Chapter 4, "Love and Companionship," points out that many interpersonal relationships in Vietnam were less transactional than consensual. Furthermore, they were not always sexual. Though, Boczar writes, South Vietnamese authorities always mistrusted American objectives, many women ended up cohabiting and falling in love with GIs. Despite both countries' resistance to interracial marriage, the US military approved some eight thousand marriages. Nonetheless, the rite did not pave the way to emigration for these women.
In chap. 5, "The Policing and Policy Problems of Sexual Violence," Boczar argues that even though anti-war advocates often highlighted sexual violence, or rape, as a common outcome of the war, the US military ignored the violence until the uncovering of the My Lai atrocity in 1969 made that impossible. Nonetheless, though personal accounts and some records reveal that rape was common both on the front lines and in the cities or rear echelons, the Department of Defense stressed those perpetrated in combat areas. This focus, Boczar asserts, allowed troops to defend their behavior as a response to the pressures of combat and the erasure of rape in the public memory of both the Socialist Republic of Vietnam and the United States.
In chap. 6, "De-escalation and the Collapse of an Industry," Boczar outlines how the 1973 Paris Peace Accords and the rapid withdrawal of US troops cratered the South Vietnamese economy, including the sex industry and its affiliated businesses. American GIs left behind unpaid bills, whole families reliant on their American dollars, and an abundance of Amerasian offspring. Once North Vietnam overtook the South (Apr. 1975), many people tied to the US military, including women in the sex industry, were sent to reeducation camps; others fled by boat, leaving some fifty thousand Amerasian orphans to fend for themselves.
Finally, in a conclusion entitled "Reframing the Diplomatic History of the Vietnam War," Boczar makes her ultimate point: diplomatic history should be revised t0 concentrate not only on the strategic level of warfare or on exchanges between foreign service officers but on all human interactions that influence war-making.

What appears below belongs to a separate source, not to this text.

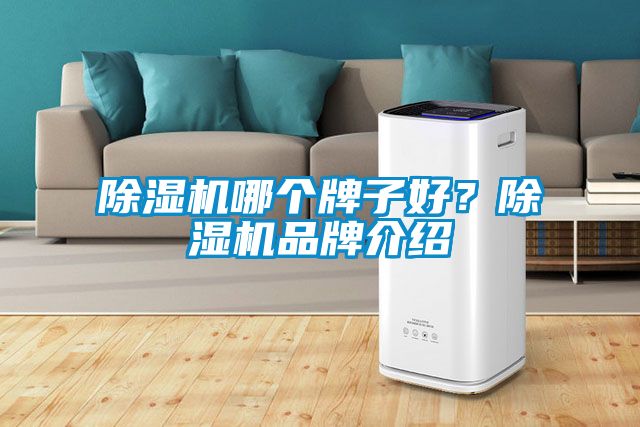 除湿机哪个牌子好？除湿机旭彩网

Above all else, the human interactions at the core of this project shed light on the strained relations between the United States and South Vietnam. Negotiations between the two governments regarding sexual encounters revolved around their sometimes polarized desires for morale and morality, respectively. Practicing the policies on the ground, however, was a very different reality. As the RVN [Republic of Vietnam] worked with their advisors from Michigan State University to draft anti-prostitution laws, American Foreign Service members openly made purchases from the sex market. As it worked to shut down city bars with American assistance, MACV [Military Assistance Command, Vietnam] helped build areas outside military bases where prostitutes would live and be examined by doctors. South Vietnamese police openly accepted bribes and ran protection networks for prostitutes. Marriage laws were purposely difficult to satisfy, something both governments approved of. Some Americans committed rapes against the population they were sent to Vietnam to protect, and officers rarely prosecuted accusations of assault. Amerasian orphans remained trapped between worlds, vulnerable to the whims of government, until Congress approved more secure pathways for citizenship in the 1980s. (191–92)

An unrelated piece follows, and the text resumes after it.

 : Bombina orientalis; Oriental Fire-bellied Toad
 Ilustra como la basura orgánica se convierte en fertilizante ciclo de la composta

Boczar's arguments are so persuasive because they are based on extensive research in national archives in England, France, Vietnam, and the United States as well as three US Presidential Libraries (Johnson, Nixon, Ford), and special collections in US university libraries (Michigan State and Texas Tech). She is also conversant with the relevant secondary literature and an impressive mix of novels, films, memoirs, and histories. Her current position as a university library Special Collections Manager speaks to her facility in research processes and organization. Students of the Vietnam War, women's roles in war-making, foreign affairs, and diplomacy will appreciate Amanda Boczar's broadening of our understanding of the Second Indochina War.